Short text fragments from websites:
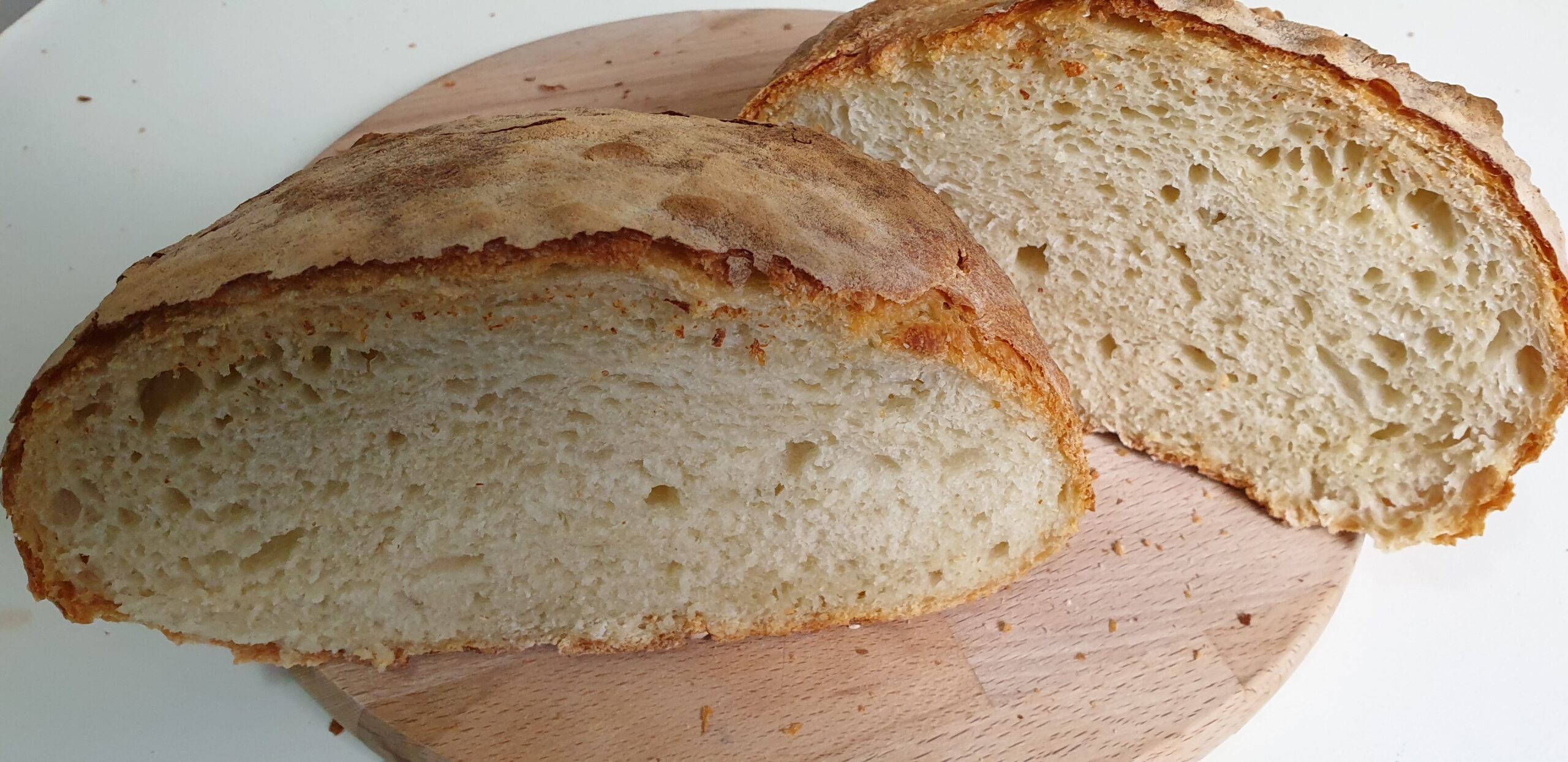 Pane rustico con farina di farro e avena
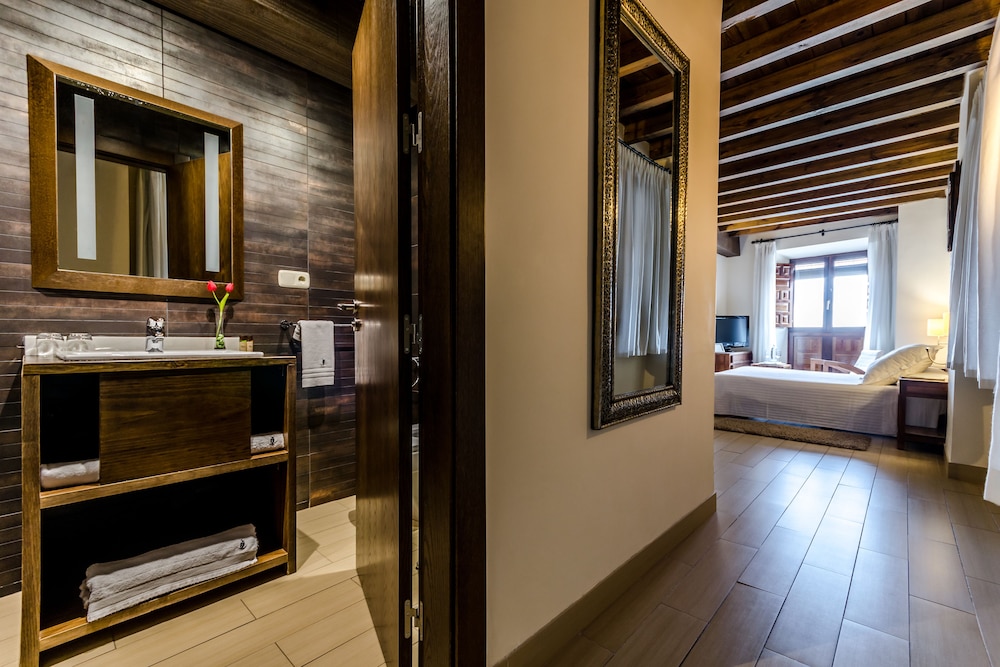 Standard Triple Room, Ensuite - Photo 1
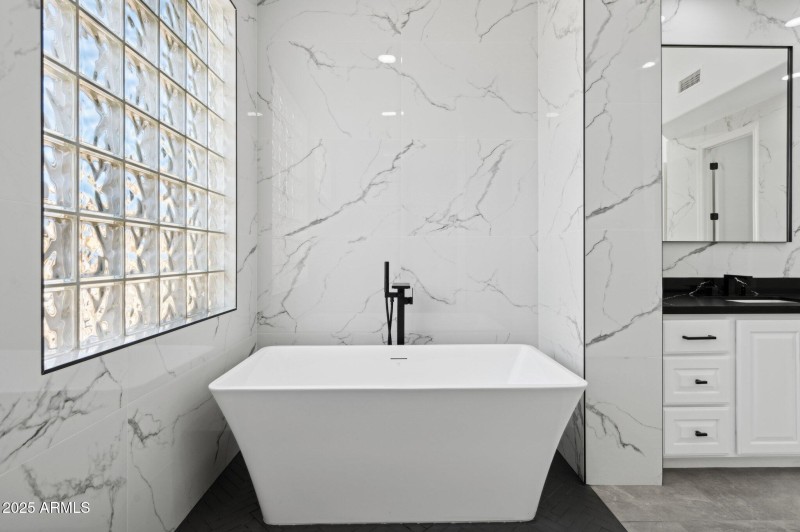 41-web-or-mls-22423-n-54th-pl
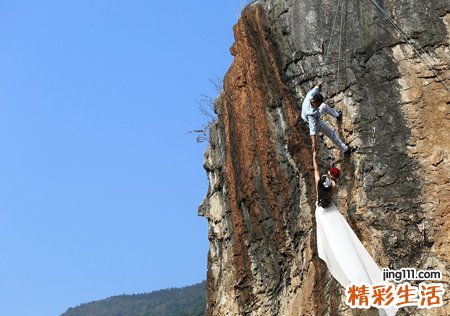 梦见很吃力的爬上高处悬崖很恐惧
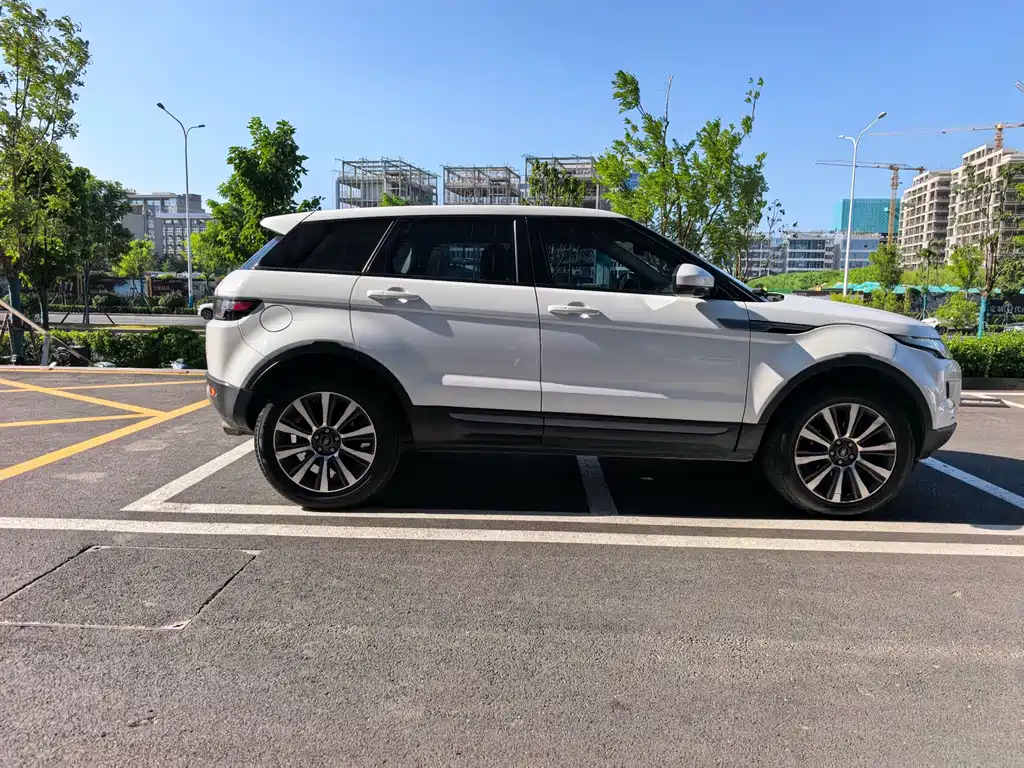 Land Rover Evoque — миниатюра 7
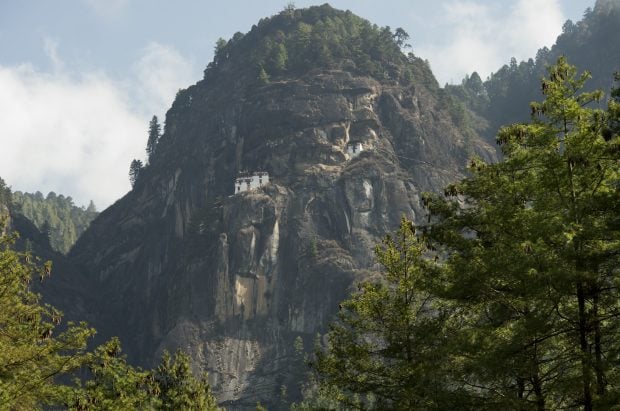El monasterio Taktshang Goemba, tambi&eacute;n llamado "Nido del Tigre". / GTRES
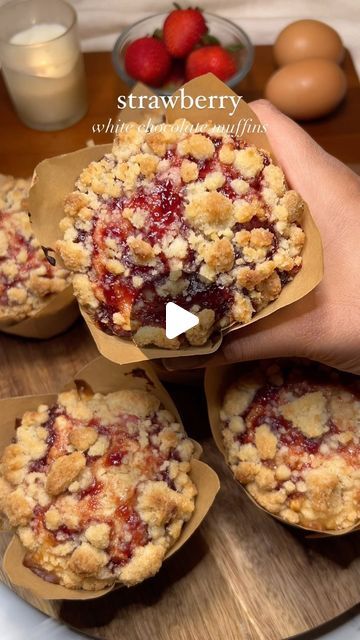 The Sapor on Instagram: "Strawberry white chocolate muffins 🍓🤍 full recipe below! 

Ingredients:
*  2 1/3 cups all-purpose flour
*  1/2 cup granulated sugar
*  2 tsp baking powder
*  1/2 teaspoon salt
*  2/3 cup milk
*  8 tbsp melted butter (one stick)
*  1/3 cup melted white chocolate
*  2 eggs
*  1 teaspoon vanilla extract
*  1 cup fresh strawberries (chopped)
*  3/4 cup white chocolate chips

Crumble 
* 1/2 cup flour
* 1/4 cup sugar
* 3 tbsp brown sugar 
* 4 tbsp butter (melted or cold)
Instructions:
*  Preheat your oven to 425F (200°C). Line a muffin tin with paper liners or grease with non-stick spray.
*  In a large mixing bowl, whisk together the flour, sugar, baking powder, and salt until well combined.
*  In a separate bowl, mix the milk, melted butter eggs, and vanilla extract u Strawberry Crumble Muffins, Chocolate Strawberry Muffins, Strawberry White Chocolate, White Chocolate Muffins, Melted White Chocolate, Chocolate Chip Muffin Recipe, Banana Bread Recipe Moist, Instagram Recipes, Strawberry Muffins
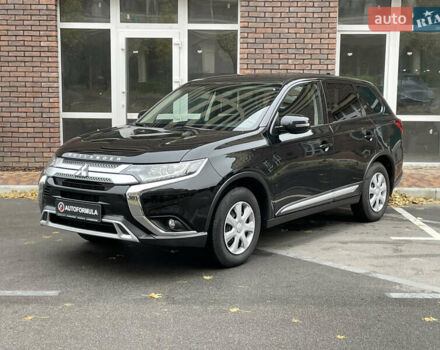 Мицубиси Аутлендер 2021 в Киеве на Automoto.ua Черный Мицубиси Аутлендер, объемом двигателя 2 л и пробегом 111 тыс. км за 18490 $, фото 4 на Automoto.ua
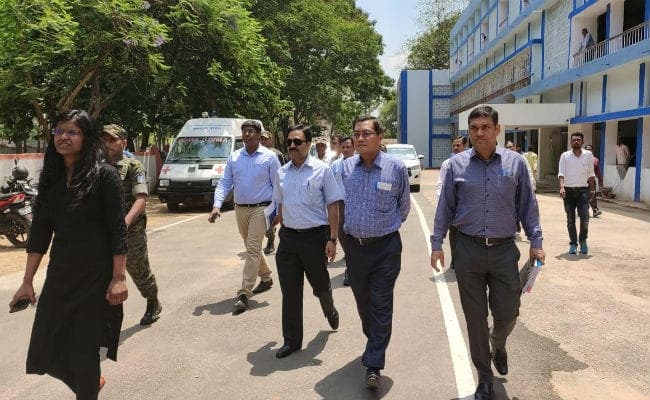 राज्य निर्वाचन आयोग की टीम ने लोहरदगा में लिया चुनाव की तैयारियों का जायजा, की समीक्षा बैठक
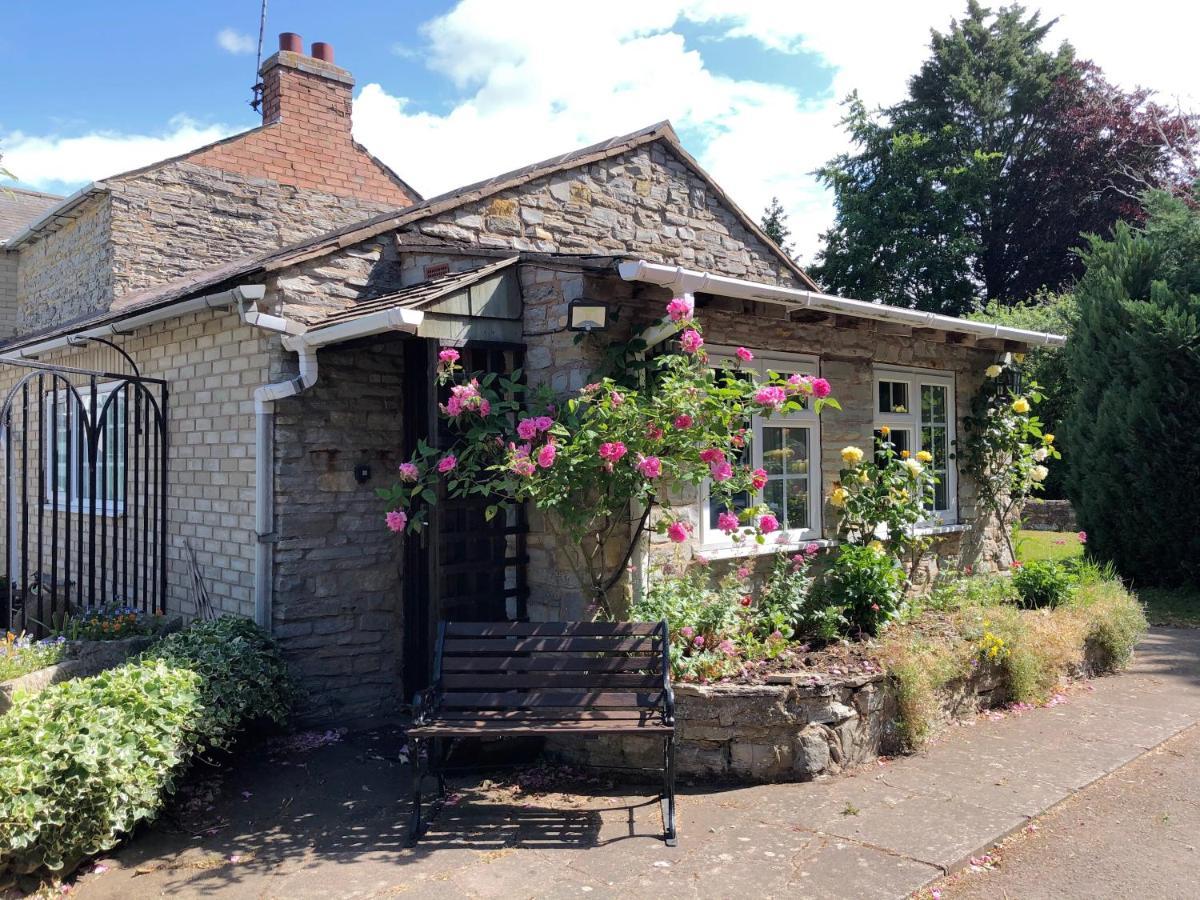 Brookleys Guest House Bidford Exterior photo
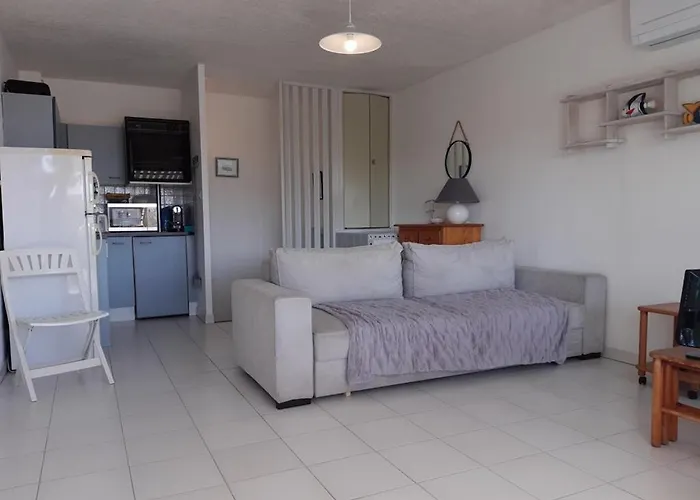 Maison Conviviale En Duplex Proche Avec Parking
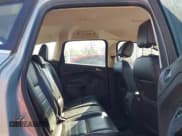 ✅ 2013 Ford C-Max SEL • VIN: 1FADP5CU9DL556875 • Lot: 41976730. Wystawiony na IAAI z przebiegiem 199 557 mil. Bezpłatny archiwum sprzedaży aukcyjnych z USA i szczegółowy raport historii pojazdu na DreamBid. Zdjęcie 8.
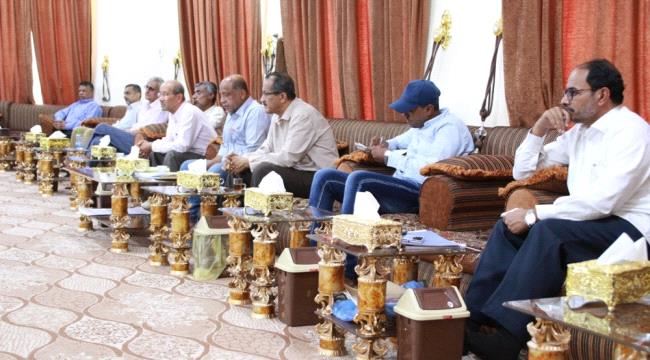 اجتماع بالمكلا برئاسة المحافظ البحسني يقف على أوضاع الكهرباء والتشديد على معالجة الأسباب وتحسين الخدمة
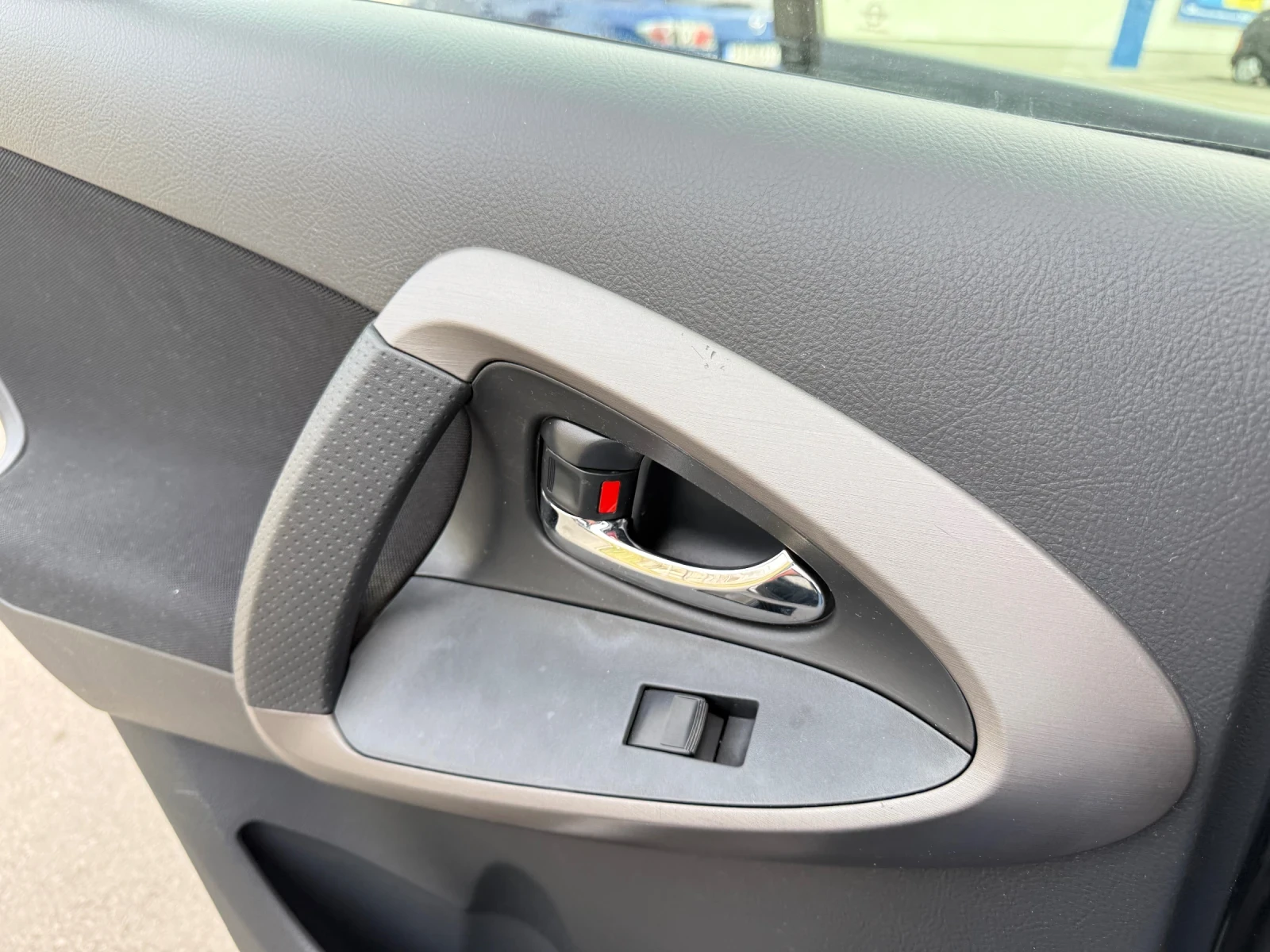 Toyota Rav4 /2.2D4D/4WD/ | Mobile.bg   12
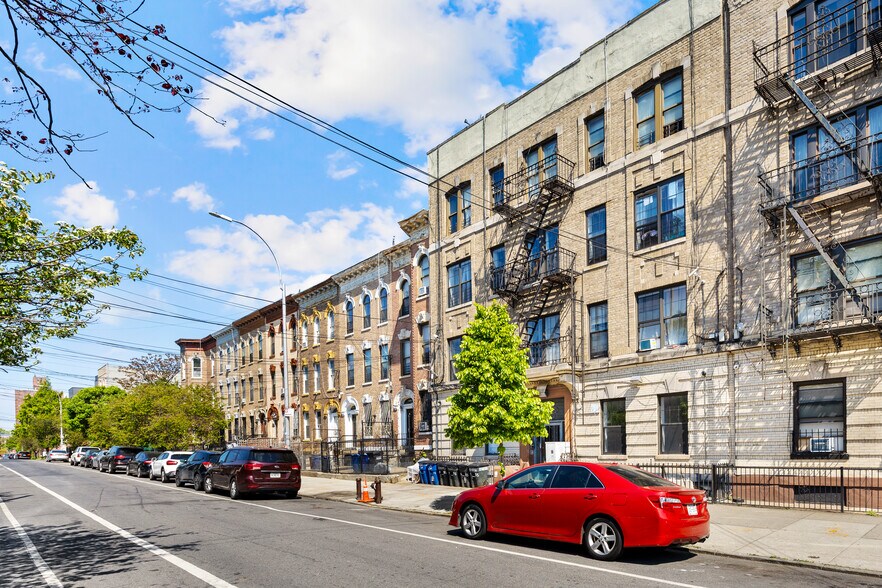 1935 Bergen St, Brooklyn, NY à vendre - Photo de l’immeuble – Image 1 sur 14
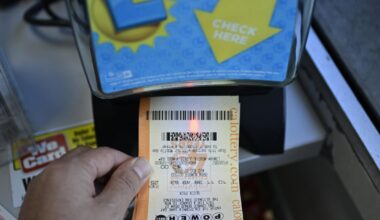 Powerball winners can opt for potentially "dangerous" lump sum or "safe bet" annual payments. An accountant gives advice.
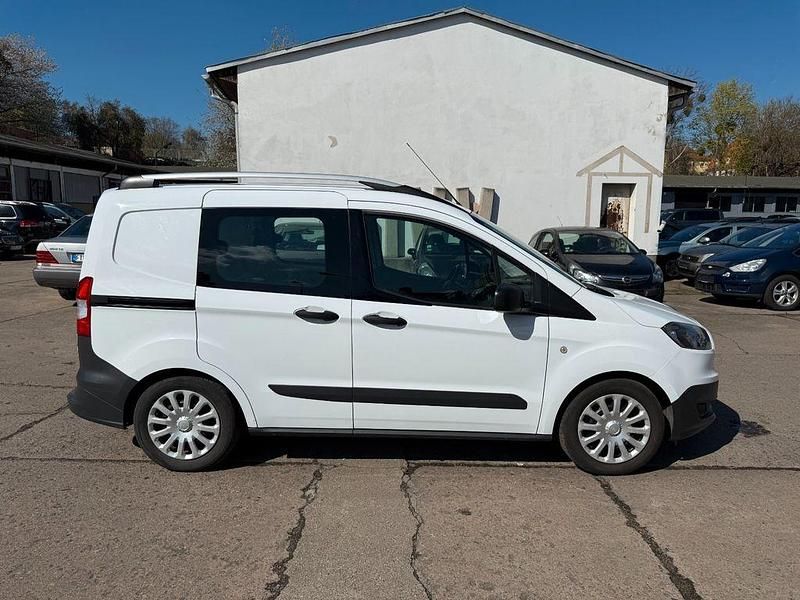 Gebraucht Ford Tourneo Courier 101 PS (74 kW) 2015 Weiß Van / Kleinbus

→ WHAT THIS TASK INVOLVES:
Output nothing but the entries above, exactly, once the pictures are removed.

→ THE COMPLETED TASK:
 Pane rustico con farina di farro e avena
 Standard Triple Room, Ensuite - Photo 1
 41-web-or-mls-22423-n-54th-pl
 梦见很吃力的爬上高处悬崖很恐惧
 Land Rover Evoque — миниатюра 7
El monasterio Taktshang Goemba, tambi&eacute;n llamado "Nido del Tigre". / GTRES
 The Sapor on Instagram: "Strawberry white chocolate muffins 🍓🤍 full recipe below! 

Ingredients:
*  2 1/3 cups all-purpose flour
*  1/2 cup granulated sugar
*  2 tsp baking powder
*  1/2 teaspoon salt
*  2/3 cup milk
*  8 tbsp melted butter (one stick)
*  1/3 cup melted white chocolate
*  2 eggs
*  1 teaspoon vanilla extract
*  1 cup fresh strawberries (chopped)
*  3/4 cup white chocolate chips

Crumble 
* 1/2 cup flour
* 1/4 cup sugar
* 3 tbsp brown sugar 
* 4 tbsp butter (melted or cold)
Instructions:
*  Preheat your oven to 425F (200°C). Line a muffin tin with paper liners or grease with non-stick spray.
*  In a large mixing bowl, whisk together the flour, sugar, baking powder, and salt until well combined.
*  In a separate bowl, mix the milk, melted butter eggs, and vanilla extract u Strawberry Crumble Muffins, Chocolate Strawberry Muffins, Strawberry White Chocolate, White Chocolate Muffins, Melted White Chocolate, Chocolate Chip Muffin Recipe, Banana Bread Recipe Moist, Instagram Recipes, Strawberry Muffins
 Мицубиси Аутлендер 2021 в Киеве на Automoto.ua Черный Мицубиси Аутлендер, объемом двигателя 2 л и пробегом 111 тыс. км за 18490 $, фото 4 на Automoto.ua
 राज्य निर्वाचन आयोग की टीम ने लोहरदगा में लिया चुनाव की तैयारियों का जायजा, की समीक्षा बैठक
 Brookleys Guest House Bidford Exterior photo
 Maison Conviviale En Duplex Proche Avec Parking
 ✅ 2013 Ford C-Max SEL • VIN: 1FADP5CU9DL556875 • Lot: 41976730. Wystawiony na IAAI z przebiegiem 199 557 mil. Bezpłatny archiwum sprzedaży aukcyjnych z USA i szczegółowy raport historii pojazdu na DreamBid. Zdjęcie 8.
 اجتماع بالمكلا برئاسة المحافظ البحسني يقف على أوضاع الكهرباء والتشديد على معالجة الأسباب وتحسين الخدمة
 Toyota Rav4 /2.2D4D/4WD/ | Mobile.bg   12
 1935 Bergen St, Brooklyn, NY à vendre - Photo de l’immeuble – Image 1 sur 14
 Powerball winners can opt for potentially "dangerous" lump sum or "safe bet" annual payments. An accountant gives advice.
 Gebraucht Ford Tourneo Courier 101 PS (74 kW) 2015 Weiß Van / Kleinbus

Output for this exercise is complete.